*What you have to do*.
Reproduce every entry exactly as written.
===== Material supplied
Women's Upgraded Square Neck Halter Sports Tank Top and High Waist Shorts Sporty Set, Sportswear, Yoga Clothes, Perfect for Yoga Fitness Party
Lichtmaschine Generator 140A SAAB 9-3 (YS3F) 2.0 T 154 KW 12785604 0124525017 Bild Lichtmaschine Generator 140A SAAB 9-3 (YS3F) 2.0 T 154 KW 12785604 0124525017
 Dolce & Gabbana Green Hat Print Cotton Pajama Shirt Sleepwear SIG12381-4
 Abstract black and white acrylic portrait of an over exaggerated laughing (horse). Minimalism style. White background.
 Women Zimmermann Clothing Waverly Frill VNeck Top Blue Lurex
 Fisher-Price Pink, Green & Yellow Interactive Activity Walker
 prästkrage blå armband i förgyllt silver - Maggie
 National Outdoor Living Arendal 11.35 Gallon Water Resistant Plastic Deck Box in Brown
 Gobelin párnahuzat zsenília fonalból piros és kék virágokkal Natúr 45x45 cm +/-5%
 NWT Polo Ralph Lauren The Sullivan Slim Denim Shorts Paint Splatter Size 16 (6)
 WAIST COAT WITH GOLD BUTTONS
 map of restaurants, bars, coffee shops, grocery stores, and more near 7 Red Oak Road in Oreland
==========
*Reply*.
Women's Upgraded Square Neck Halter Sports Tank Top and High Waist Shorts Sporty Set, Sportswear, Yoga Clothes, Perfect for Yoga Fitness Party
Lichtmaschine Generator 140A SAAB 9-3 (YS3F) 2.0 T 154 KW 12785604 0124525017 Bild Lichtmaschine Generator 140A SAAB 9-3 (YS3F) 2.0 T 154 KW 12785604 0124525017
 Dolce & Gabbana Green Hat Print Cotton Pajama Shirt Sleepwear SIG12381-4
 Abstract black and white acrylic portrait of an over exaggerated laughing (horse). Minimalism style. White background.
 Women Zimmermann Clothing Waverly Frill VNeck Top Blue Lurex
 Fisher-Price Pink, Green & Yellow Interactive Activity Walker
 prästkrage blå armband i förgyllt silver - Maggie
 National Outdoor Living Arendal 11.35 Gallon Water Resistant Plastic Deck Box in Brown
 Gobelin párnahuzat zsenília fonalból piros és kék virágokkal Natúr 45x45 cm +/-5%
 NWT Polo Ralph Lauren The Sullivan Slim Denim Shorts Paint Splatter Size 16 (6)
 WAIST COAT WITH GOLD BUTTONS
 map of restaurants, bars, coffee shops, grocery stores, and more near 7 Red Oak Road in Oreland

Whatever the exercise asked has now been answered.